This is really incredible. FICO doesn't normally share any information about how they calculate credit scores. This is the kind of information that would take me a hundred credit reports and probably a year to determine through the process I was using when I worked for a law firm specializing in it. It actually confirms what I had already reported to the firm, so I feel pretty good right now. :) Check this out...
Research looks at how mortgage delinquencies affect scores
How much impact does a short sale have on FICO® Scores? How about a foreclosure?
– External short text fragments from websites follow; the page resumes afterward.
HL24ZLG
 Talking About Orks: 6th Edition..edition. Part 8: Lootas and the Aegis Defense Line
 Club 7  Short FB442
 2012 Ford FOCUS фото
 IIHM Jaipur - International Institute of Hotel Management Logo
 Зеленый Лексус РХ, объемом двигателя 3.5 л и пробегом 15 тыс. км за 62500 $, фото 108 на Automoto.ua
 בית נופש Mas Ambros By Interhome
Since I frequently hear these questions from clients and others, I thought I’d share new FICO research that sheds light on this very subject.
The FICO study simulated various types of mortgage delinquencies on three representative credit bureau profiles of consumers scoring 680, 720 and 780, respectively. I say “representative profiles” because we focused on consumers whose credit characteristics (e.g., utilization, delinquency history, age of file) were typical of the three score points considered. All consumers had an active currently-paid-as-agreed mortgage on file.
Results are shown below. The first chart shows the impact on the score for each stage of delinquency, and the second shows how long it takes the score to fully “recover” after the fact.
- The magnitude of FICO® Score impact is highly dependent on the starting score.
- There's no significant difference in score impact between short sale/deed-in-lieu/settlement and foreclosure.
- While a score may begin to improve sooner, it could take up to 7-10 years to fully recover, assuming all other obligations are paid as agreed.
- In general, the higher starting score, the longer it takes for the score to fully recover.
- Even if there’s minimal difference in score impact between moderate and severe delinquencies, there may be significant difference in time required for the score to fully recover.